# PROBLEM STATEMENT:
Filter the data for "Print" and copy matching lines.

───── EXERCISE INPUTS

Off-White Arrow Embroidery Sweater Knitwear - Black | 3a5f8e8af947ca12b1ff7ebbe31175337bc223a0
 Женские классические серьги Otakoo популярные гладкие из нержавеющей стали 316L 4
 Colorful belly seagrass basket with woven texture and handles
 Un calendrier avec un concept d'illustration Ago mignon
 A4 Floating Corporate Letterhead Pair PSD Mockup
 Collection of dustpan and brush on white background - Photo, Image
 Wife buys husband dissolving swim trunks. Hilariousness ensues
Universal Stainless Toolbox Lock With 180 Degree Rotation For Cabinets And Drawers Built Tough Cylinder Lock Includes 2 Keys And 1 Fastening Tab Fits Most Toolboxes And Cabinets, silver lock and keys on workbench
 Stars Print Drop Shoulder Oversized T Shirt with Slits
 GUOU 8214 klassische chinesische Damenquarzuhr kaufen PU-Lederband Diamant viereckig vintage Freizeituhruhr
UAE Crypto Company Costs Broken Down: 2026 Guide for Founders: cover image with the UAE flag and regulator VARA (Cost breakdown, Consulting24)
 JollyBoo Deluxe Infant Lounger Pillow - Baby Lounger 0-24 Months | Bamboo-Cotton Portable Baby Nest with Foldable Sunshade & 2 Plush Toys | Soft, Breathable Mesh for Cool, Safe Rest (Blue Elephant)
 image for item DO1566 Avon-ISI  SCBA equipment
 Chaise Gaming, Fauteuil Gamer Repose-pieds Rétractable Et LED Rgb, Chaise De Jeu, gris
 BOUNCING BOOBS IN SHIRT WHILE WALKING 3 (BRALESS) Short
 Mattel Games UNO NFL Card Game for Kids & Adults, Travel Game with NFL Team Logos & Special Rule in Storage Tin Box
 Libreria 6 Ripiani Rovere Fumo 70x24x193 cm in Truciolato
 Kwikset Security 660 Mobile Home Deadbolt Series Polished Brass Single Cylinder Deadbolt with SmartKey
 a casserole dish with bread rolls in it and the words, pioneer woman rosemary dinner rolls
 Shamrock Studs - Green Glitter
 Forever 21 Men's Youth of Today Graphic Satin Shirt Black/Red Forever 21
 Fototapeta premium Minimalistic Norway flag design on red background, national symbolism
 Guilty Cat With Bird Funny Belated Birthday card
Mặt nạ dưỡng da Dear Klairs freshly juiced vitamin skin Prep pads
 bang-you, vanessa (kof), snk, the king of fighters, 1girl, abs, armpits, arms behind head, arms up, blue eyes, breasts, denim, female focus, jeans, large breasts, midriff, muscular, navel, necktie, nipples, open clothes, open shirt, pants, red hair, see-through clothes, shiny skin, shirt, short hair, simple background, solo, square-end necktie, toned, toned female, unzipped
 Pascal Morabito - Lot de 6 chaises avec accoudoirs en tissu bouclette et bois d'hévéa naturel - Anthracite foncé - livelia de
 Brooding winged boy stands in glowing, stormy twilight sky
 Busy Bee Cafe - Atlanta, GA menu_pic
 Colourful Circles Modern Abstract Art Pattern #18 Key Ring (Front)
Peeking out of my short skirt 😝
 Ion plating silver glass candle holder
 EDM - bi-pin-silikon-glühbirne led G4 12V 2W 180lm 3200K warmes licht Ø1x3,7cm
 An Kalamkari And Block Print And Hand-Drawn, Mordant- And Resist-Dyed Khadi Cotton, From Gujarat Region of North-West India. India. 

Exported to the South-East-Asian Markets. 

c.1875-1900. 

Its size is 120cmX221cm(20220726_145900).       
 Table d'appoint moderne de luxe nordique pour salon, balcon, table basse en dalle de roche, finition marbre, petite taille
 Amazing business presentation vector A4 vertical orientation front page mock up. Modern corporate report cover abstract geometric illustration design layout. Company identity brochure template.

──────────

# ANSWER:
 Stars Print Drop Shoulder Oversized T Shirt with Slits
 An Kalamkari And Block Print And Hand-Drawn, Mordant- And Resist-Dyed Khadi Cotton, From Gujarat Region of North-West India. India. 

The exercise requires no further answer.